I seem to have misunderstood the question. The frictionless case here is not between the spool and string, but rather the spool and slope. There is static friction between the string and spool as pointed out by Armando. If we take this to mean that the string doesn't "slip" on the spool, then it doesn't change much and the equation the solution uses is correct (as far as I can tell).

If you can't see how the tension doesn't do any work, picture this. Imagine a motorcycle chain around a gear that is on a frictionless axle. You attach the motorcycle chain to a mass that falls a certain height. $X$ Newtons would be the weight of the mass and how then do you calculate the rotational kinetic energy of the gear ? You could equate the loss in gravitational potential energy to the gained rotational kinetic energy of the gear. Since the chain doesn't slip/rub against the gear, we have eliminated sources of sliding friction while maintaining an analog of the static friction. No work is lost in the tension because there is no sliding and no heat generation (static friction produces no heat). The chain doesn't move relative to the gear just like the rope doesn't move relative to the spool.

In the solution they are just using the conservation of energy principle, i.e.: $PE_1 + KE_1 = PE_2+ KE_2$ leaving out any work (smooth surface).

If I understand this sentence correctly, then I think my answer is accurate. No tension will be present if there is no friction. The friction is what "pulls" on the string. No friction = nothing pulling the string because the string would slide frictionless round and round the spool.

Short Answer:

If you neglect friction, the rope slides/unravels perfectly and has nothing to do with the spool moving.

Long Answer:

Alright, think of it this way: if the rope wasn't connected to the wall and instead lay on the slope, would it just flop there and unravel ? Or picture a roll of tape instead of a spool of string, does it become intuitive then that the less sticky the tape, the more easily the tape unravels ?
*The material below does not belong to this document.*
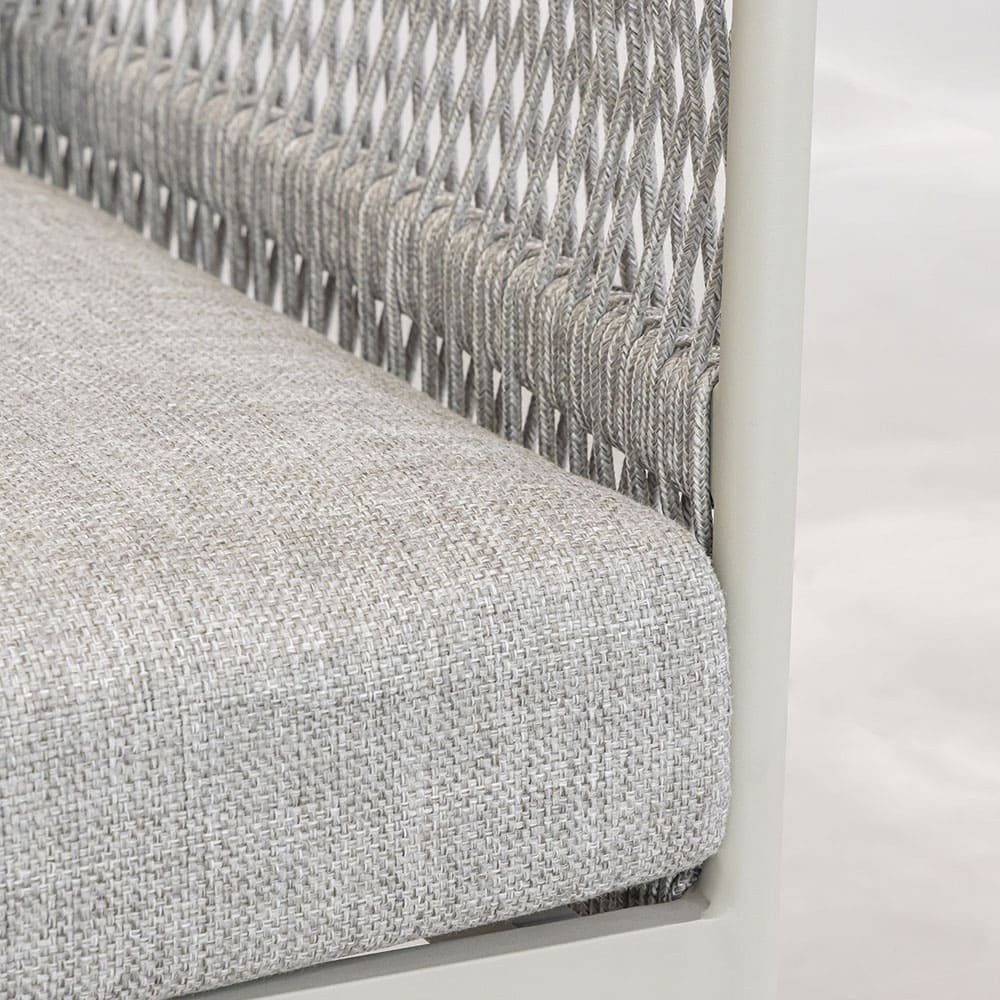 Monaco Sofa Close Up 4 (VB)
The key is picturing and understanding that nothing is stopping the string from unfurling except microscopic forces i.e., friction. Mainly friction between the string unravelling and string wound up and friction between string and spool surface. If the spool was perfectly smooth and the string was also perfectly smooth, you would feel no tension if you held the string and let the spool go, because there is nothing "attaching" the string to the spool.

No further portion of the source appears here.